**TASK OBJECTIVE**
Leaving out the pictures, write the following records exactly as they read.

***

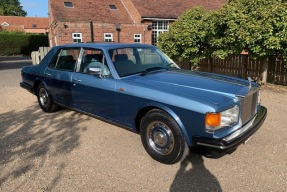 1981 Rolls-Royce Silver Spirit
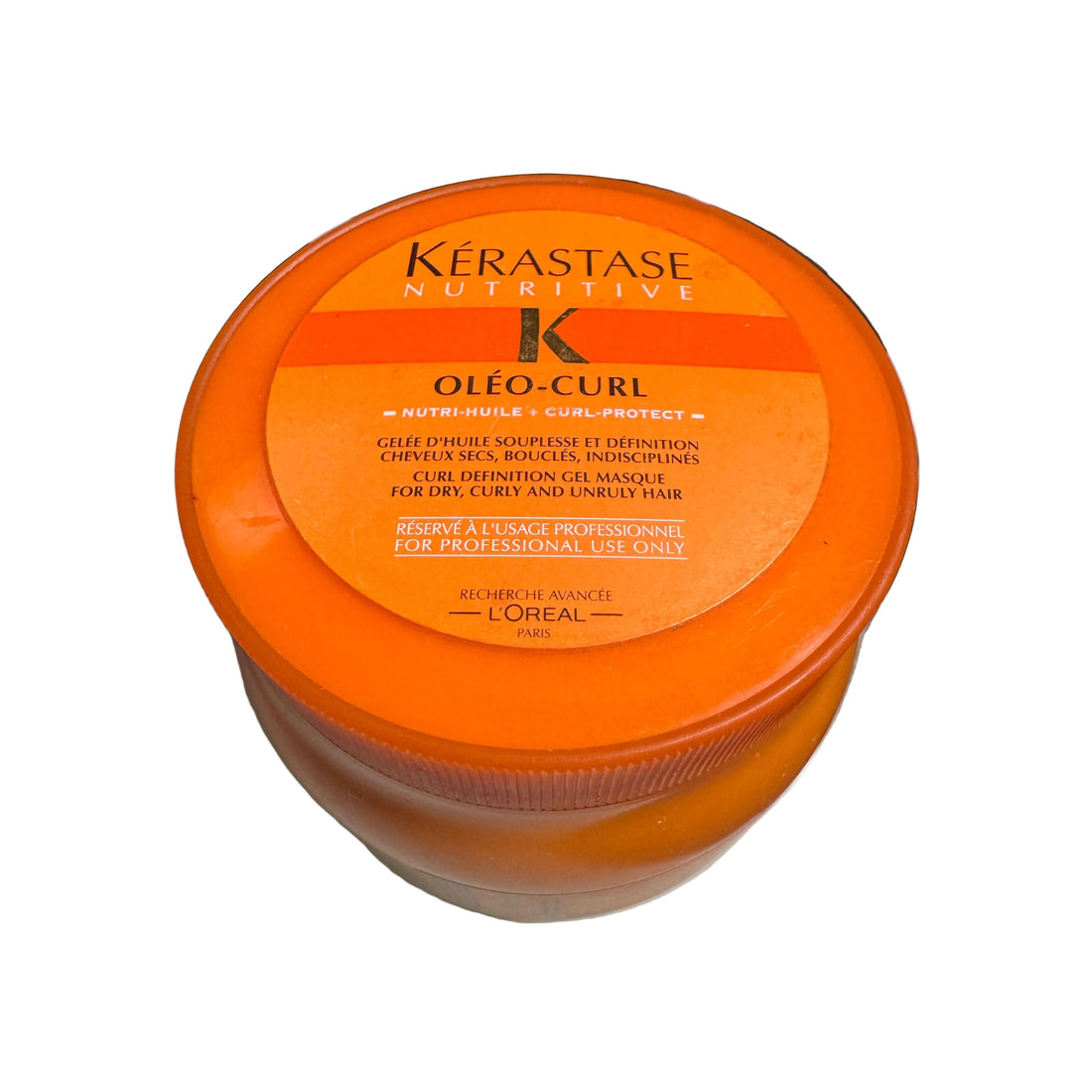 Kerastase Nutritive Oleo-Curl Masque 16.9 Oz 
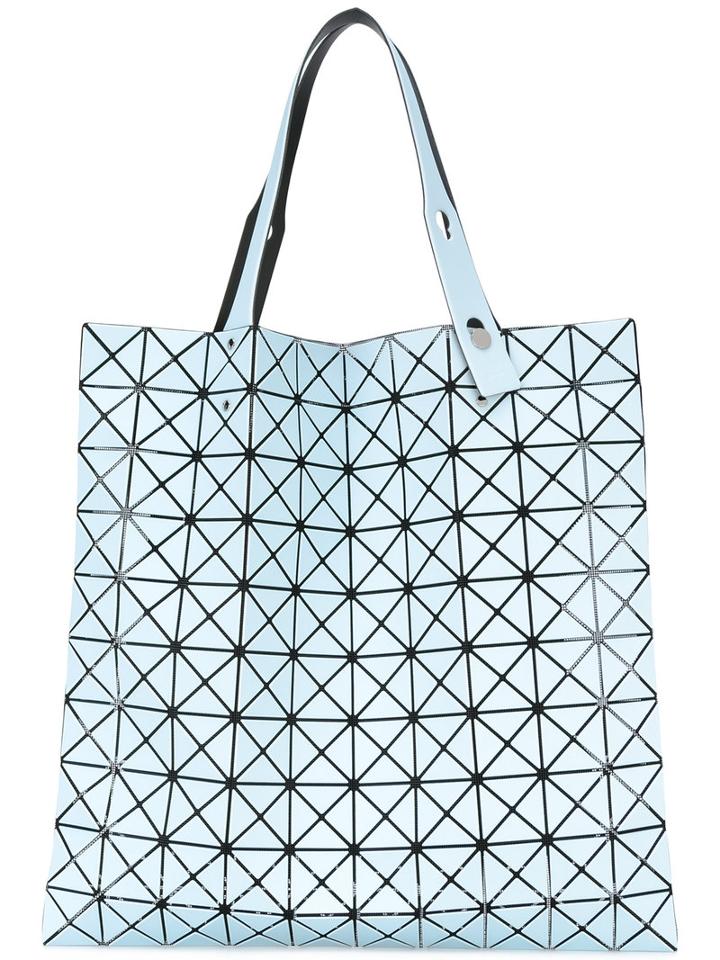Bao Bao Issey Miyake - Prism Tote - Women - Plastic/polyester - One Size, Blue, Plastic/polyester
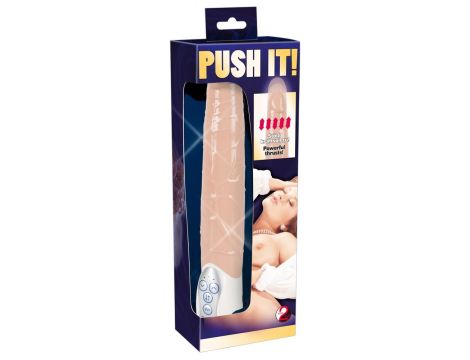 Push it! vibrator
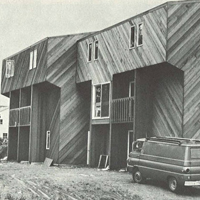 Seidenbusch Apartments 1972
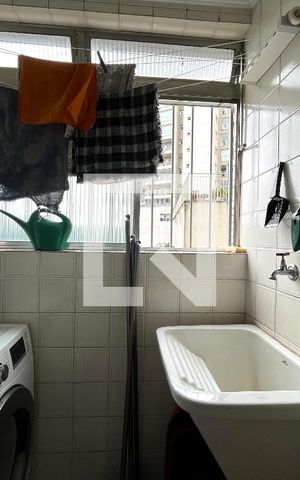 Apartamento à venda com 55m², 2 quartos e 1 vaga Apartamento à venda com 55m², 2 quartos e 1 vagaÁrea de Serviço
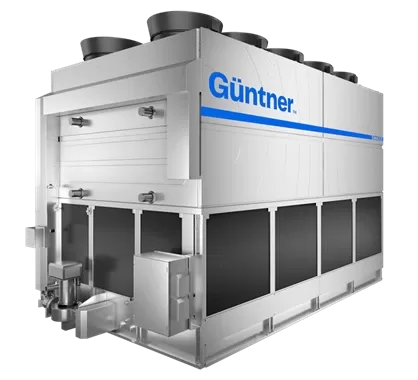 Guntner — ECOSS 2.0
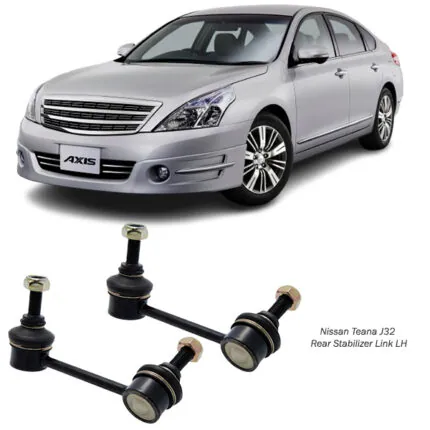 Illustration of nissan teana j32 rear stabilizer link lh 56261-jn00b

***

**RESULT OF THE EXERCISE**
 1981 Rolls-Royce Silver Spirit
 Kerastase Nutritive Oleo-Curl Masque 16.9 Oz 
Bao Bao Issey Miyake - Prism Tote - Women - Plastic/polyester - One Size, Blue, Plastic/polyester
 Push it! vibrator
 Seidenbusch Apartments 1972
 Apartamento à venda com 55m², 2 quartos e 1 vaga Apartamento à venda com 55m², 2 quartos e 1 vagaÁrea de Serviço
 Guntner — ECOSS 2.0
 Illustration of nissan teana j32 rear stabilizer link lh 56261-jn00b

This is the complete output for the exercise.